> [Data below]:
- - -

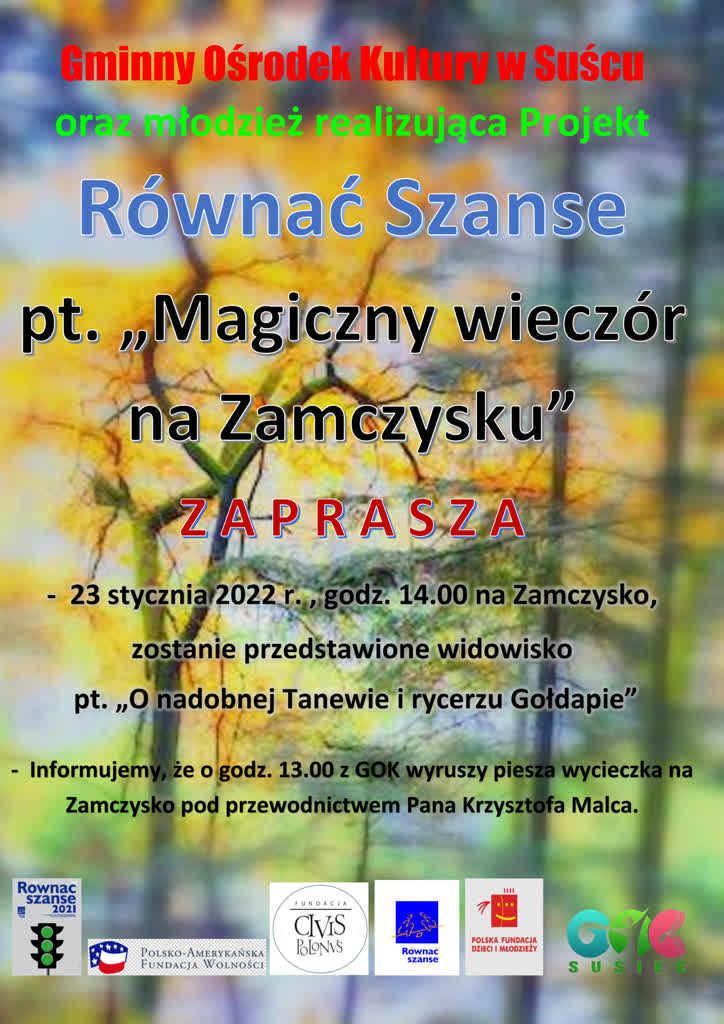 zamczysko 2.jpg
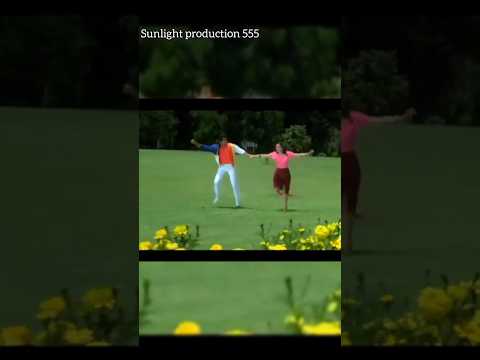 80s hit Jitendra and Sridevi Hot song #shortvideo#song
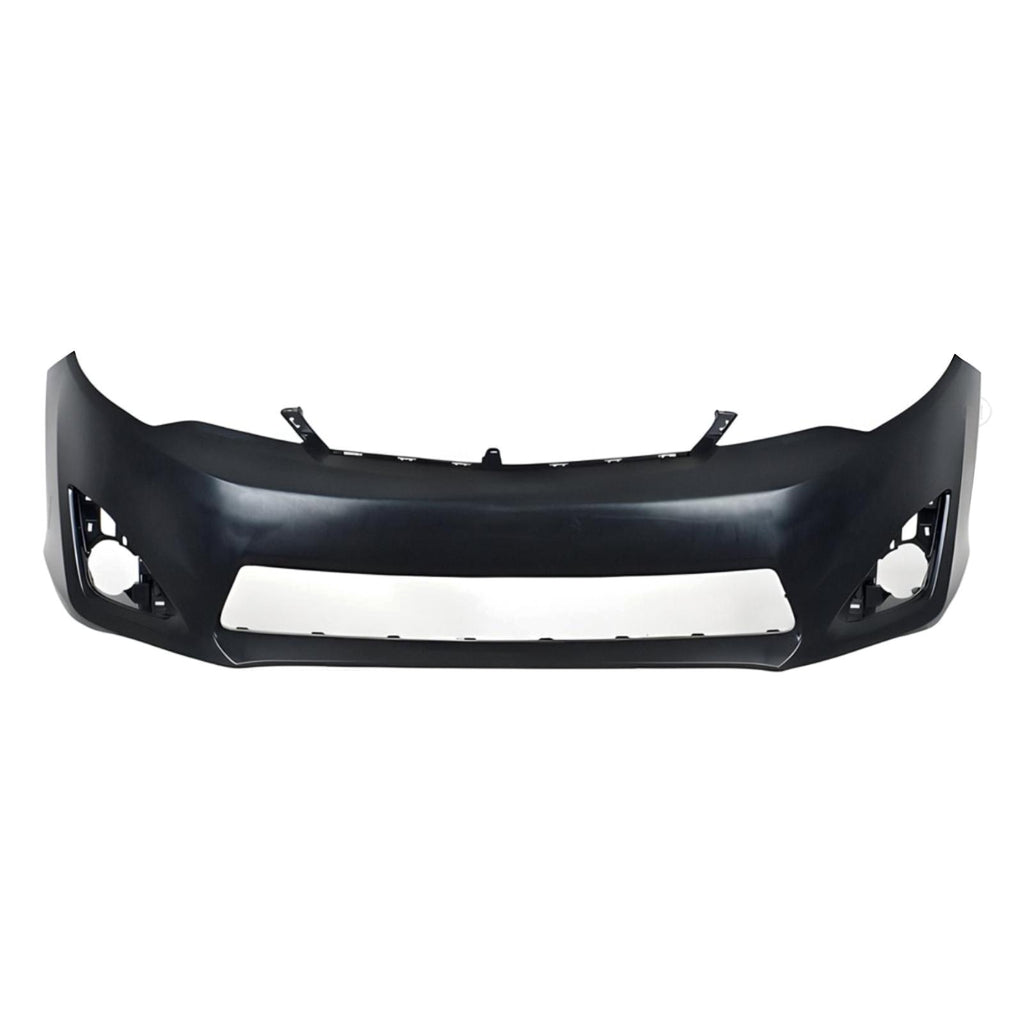 Fascia Delantera TYI 203-3002-14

- - -

> [What is required]:
Write out again, word for word, only the lines from the one with "80s hit Jitendra" through the last line of the material, and omit each picture.

> [Response below]:
 80s hit Jitendra and Sridevi Hot song #shortvideo#song
 Fascia Delantera TYI 203-3002-14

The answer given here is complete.